A number of meteorological phenomena, such as the nocturnal low-level jet (NLLJ) and sea breeze (SB), are observed in the lower atmospheric boundary layer in coastal regions. During these events, changes in wind speed, direction, and turbulence parameters occur at a time scales smaller than one hour. As a result, NLLJ and SB may have some impacts on the power production of wind turbines and air quality [1,2,3].

During SB events, the wind speed increases and the wind blows from the sea towards the land. This phenomenon occurs due to an adverse atmospheric pressure gradient generated by the temperature difference between the land and sea during the daytime. SB evolution depends on a large range of geophysical factors including topography, Coriolis force, heat diffusion, solar radiation, synoptic forcing, and sea surface temperature [4,5,6].

In coastal regions, LLJ, characterized by a maximum in the wind speed profile in the lower troposphere [7,8], can have different driving mechanisms [9]. According to Schulz-Stellenfleth et al. [10], LLJ can be attributed to frictional decoupling from the underlying surface or baroclinicity due to the temperature contrast between the land and sea. Over the southern North Sea, relatively warm continental air advected over the cooler sea surface supports the development of surface temperature inversion, leading to the decoupling of the surface friction and acceleration of an air mass [11,12]. Moreover, the surface roughness difference between the land and sea favors the air flow acceleration [13]. Over the southern part of the North Sea, LLJ mainly occurs during the nighttime hours [13].

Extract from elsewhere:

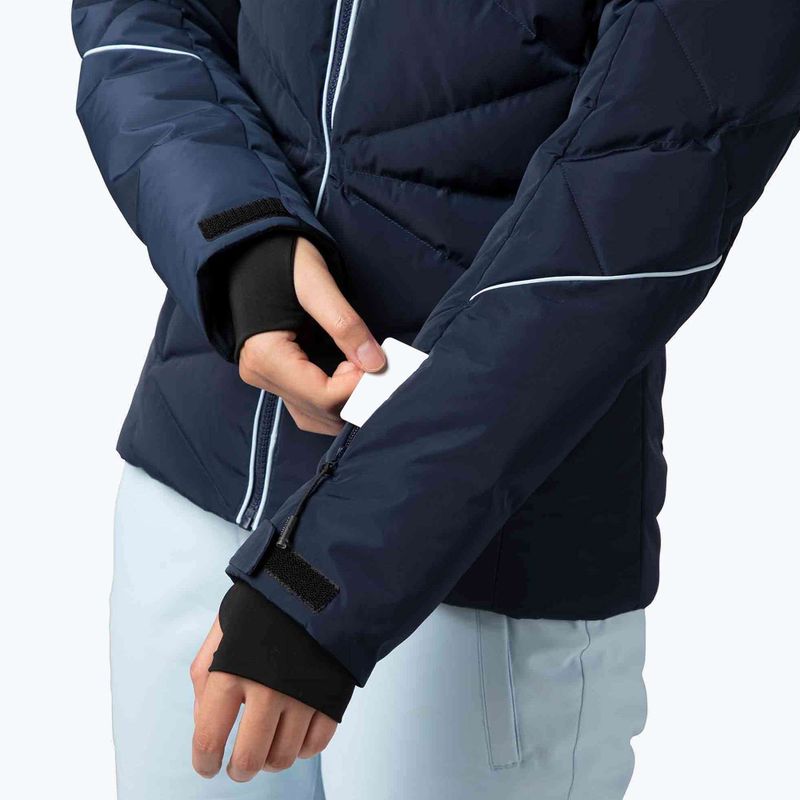 Dámska lyžiarska bunda Rossignol Staci Pearly dark navy 9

Recently, the power production of offshore wind turbines has become a large source of renewable energy capable of minimizing global carbon emissions. Since the SB is an important event of the coastal and offshore wind climate, it may significantly affect the resource assessment during the initial pre-construction phase of a wind farm. Indeed, the effect of the SB on offshore wind power production is not negligible; for example, along the Gujarat coast (India), the SB contributed 6.2% of the annual energy generation at the nearshore locations [14]. In the Llobregat Delta (NE of the Iberian Peninsula), Mazon et al. [2] found that a range of 42 to 55% of total wind energy was generated during the SB period, which accounts for 22% of the total time in a year. The resource assessment studies highlighted the importance of sea breezes, because they occur frequently during peak energy demand periods (summer afternoons) across many coastlines designated for offshore wind energy [15,16]. Some studies conducted in the European North Sea reported an enhancement in energy production due to SB [17,18]. Around the southern North Sea, Steele et al. [17] estimated wind energy enhancement of 10% due to the presence of the coastal jet, depending on the sea-breeze type and coastline characteristics. The SB may affect LLJ formation. During the North Sea OBLEX-F1 campaign, SB circulations have been observed that vanished before jet detection [9]. This process was previously observed by Angevine et al. [19], where an LLJ evolved after an SB breakdown [19]. During the OBLEX-F1 campaign, most LLJ detections occurred between the evening and the morning [9]. As population density and economic activity in the coastal zone increase [20], this nocturnal phenomenon can have some important impact on air quality [21,22,23,24] and on power production of wind turbines, especially during the high-electricity-consumption evening period (peak period), corresponding to the evening hours (after sunset) when there is a lot of demand [25]. To meet the nighttime power requirement from offshore wind turbines, NLLJ events can be effective in coastal regions.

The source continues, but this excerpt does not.